So far, Trump has provided few details about how he’ll achieve the feat on such a rushed timeline and slim budget — he has as yet only asked for an extra $1.6 billion. And despite the campaign’s moniker, “Moon to Mars,” it could potentially delay Obama-era plans that were already on pace to send humans to the Red Planet in the 2030s or early 2040s.

Worse yet, the 2024 target date suggests a selfish motive — an attempt by Trump to conjure a dramatic legacy before he leaves office, assuming he is reelected next year. Indeed, recent comments by NASA Administrator Jim Bridenstine suggest the deadline was chosen with little, if any, consideration of the scientific and engineering challenges.
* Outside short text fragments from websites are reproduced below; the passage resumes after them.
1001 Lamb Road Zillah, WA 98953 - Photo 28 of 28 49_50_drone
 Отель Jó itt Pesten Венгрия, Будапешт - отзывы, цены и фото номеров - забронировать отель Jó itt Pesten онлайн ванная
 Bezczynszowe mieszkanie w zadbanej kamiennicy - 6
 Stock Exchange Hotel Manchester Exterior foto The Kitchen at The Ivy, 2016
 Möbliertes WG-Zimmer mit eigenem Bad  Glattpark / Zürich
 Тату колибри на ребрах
At a recent space symposium, Vice President Mike Pence told attendees that Trump directed NASA to send astronauts to meet the deadline “by any means necessary,” and that “we must focus on the mission over the means.”

Perhaps most troubling, the Trump administration has left the public guessing as to what they hope to accomplish when they get to the moon. Judging from the administration’s expressed support for privatizing and commercializing space, the few available informational materials about the Moon to Mars project, and recent comments by Pence, the administration seems to be at least considering mining the moon for water, oxygen, and rare minerals. If so, we should worry: Not only would moon mining potentially run afoul of international law, it would set a dangerous precedent that our nearest neighbor’s resources are up for grabs.

The Moon to Mars project — recently renamed Artemis — stems from a 2017 policy recommendation from the National Space Council, a group led by Pence and advised by a who’s who of CEOs and COOs from space companies large and small. The council packaged its recommendations as Space Policy Directive 1, which was signed by Trump in December 2017. The directive calls for, among other things, a sustained human and robotic presence on and around the moon. That effort will include an orbiting space station known as “Gateway” that will serve as a base for expeditions to the surface of the moon.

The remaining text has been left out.